Ça veut dire, selon vous, que c’est un mouvement qui va prendre de l’ampleur ?
C’est un mouvement dont on a bien du mal encore à savoir ce qu’il va devenir. D’autant que là, quelques fissures sont en train d’apparaître. A l’origine le mouvement est né pour demander une diminution du prix des tickets, voire la gratuité des transports publics, pour les travailleurs. Et ayant été entendu, en partie en tout cas, l’augmentation n’a pas eu lieu, ce mouvement continue. C’est dans la continuité de ce mouvement que les fissures apparaissent.
Certains, et notamment certains partis politiques ou syndicats, veulent politiser pour demander des réformes agraires, pour demander des changements sur des statuts fonciers, l’accès à la propriété en ville… Et puis, les manifestants de ce mouvement pour la libre circulation continuent à manifester. Ils manifestent surtout leur indignation vis-à-vis essentiellement d’une classe politique avec laquelle ils ne se sentent plus du tout en phase.
Vous parliez des syndicats tout à l’heure. On les a peu entendus depuis le début du mouvement. Pourquoi ?
On ne les a pas entendus parce qu’ils ont été pris de vitesse et ils ont été pris par surprise. De vitesse par les réseaux sociaux, parce que ce ne sont pas eux qui ont lancé le mot d’ordre, ce sont eux qui ont lancé les premières idées de manifestation. Pris de surprise aussi, parce qu’ils ne s’attendaient pas à cette question de l’augmentation des tarifs des transports.
Les manifestants sont majoritairement issus de la classe moyenne. Beaucoup avaient voté pour Dilma Rousseff. Il y a aujourd’hui une vraie déception de la politique du Parti des travailleurs ? On peut parler de fossé entre le pouvoir et la rue ?
Il y a plusieurs éléments. D’abord, il vaut mieux parler des classes moyennes au pluriel. Il y a notamment cette fameuse classe « C », une nouvelle classe moyenne qui n’existait pas il y a environ dix ans et qui représente aujourd’hui 40 millions d’habitants sur un pays qui en compte 190 millions.
Ce sont des gens qui viennent des classes populaires très basses et qui ont bénéficié de tous les programmes d’accompagnement, d’aides sociales, mis en place par le gouvernement Lula – la bourse famille et tout cet ensemble – et qui ont réussi grâce à cela à être intégrés dans la société et à pouvoir avoir accès à la propriété de leur domicile. Ces gens-là se sont endettés et vivent pour la plupart endettés. Et aujourd’hui, la diminution de la croissance rend de plus en plus compliquée leur vie. Il s’agit là donc d’un premier élément.

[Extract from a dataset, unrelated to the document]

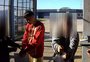 Vídeo mostra preso que sumiu de penitenciária em Charqueadas deixando local com alvará de soltura falsificado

Et puis le deuxième élément c’est le fossé qui se creuse entre l’ensemble de la population et la classe politique, où on ne cesse de dénoncer des affaires de corruption. Il y a donc ce sentiment d’une impunité de la classe politique et d’une difficulté de vivre pour la plupart des habitants.
Cela pourrait-il se traduire aussi dans les urnes des élections présidentielles et des législatives à l’horizon 2014 ?
C’est une grande question, comme on l’a à peu près en Europe avec le Mouvement des Indignés. Quelle est la capacité de ce mouvement ? Un mouvement qui refuse toute bannière ! C’est important : chaque fois qu’il y a une bannière politique ou syndicale dans une manifestation, elle est tout de suite enlevée. Comment ceci peut-il se traduire dans les urnes ? Ça reste la question.